I’ve seen this sort of nonsense before when Java came on the scene, and the rise of the Web 2.0 blogger means I’m seeing it again. “Everything is new, everything is different; the old skills and the old lessons no longer apply, so don’t bother learning them” – that is the seductive siren call. Any student of management history can trace this echo back hundreds if not thousands of years. The core skills of good governance – direction, organisation and supervision – have not changed. You can read the works of Confucius from over two thousand years ago, and the principles behind the lessons for the leaders of the time are no different than the principles behind the lessons for the leaders of today. Practices have changed, but not principles.

There are no secrets, no short-cuts for those-in-the-know; not in business, engineering, or the arts. You have to know the basics, and you have to do the basics. Hard work and dedication is always the key, and you won’t find a single leading member of the PHP development team who doesn’t reflect that reality.
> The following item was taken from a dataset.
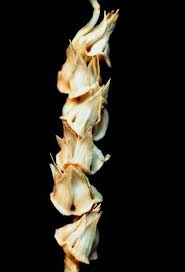 Image result for Anthephora cristata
So what does this have to do with our favourite punch-bag here on Planet PHP, Ruby on Rails? For me, the rallying call of Rails is different from the Java and Web 2.0 hype/bullshit machines. I cringe every time Terry takes a swipe at it. Whilst I’m as sick of the term ‘agile’ as can be, Rails doesn’t try to claim that the old skills don’t matter. Quite the opposite. What they have done is to take the old skills and put them into one approach that can, and does, really work exceptionally well for a lot of firms and a lot of problems. They’ve worked out what the basics are, and they’ve designed a whole paradigm that ensures the basics are done well. They’ve executed in a way that the PHP community should be in awe of, not taking the piss out of.

They are years ahead of us in so many important areas, and yet PHP is thriving more than ever. They must have done something wrong, because they sure didn’t grow the market for web applications. What did they do wrong?

The fundamental mistake the Rails designers have made, and one that they still haven’t groked en-mass that I can see, is architectural, not philosophical. Rails is a classic application server, with all the deterministic, concurrency and big-iron-needed-here problems that stopped J2EE from squeezing out PHP at the turn of the century. For many of the problems of the web, the PHP execute-again architecture has repeatedly been proven to be superior to the application server architecture.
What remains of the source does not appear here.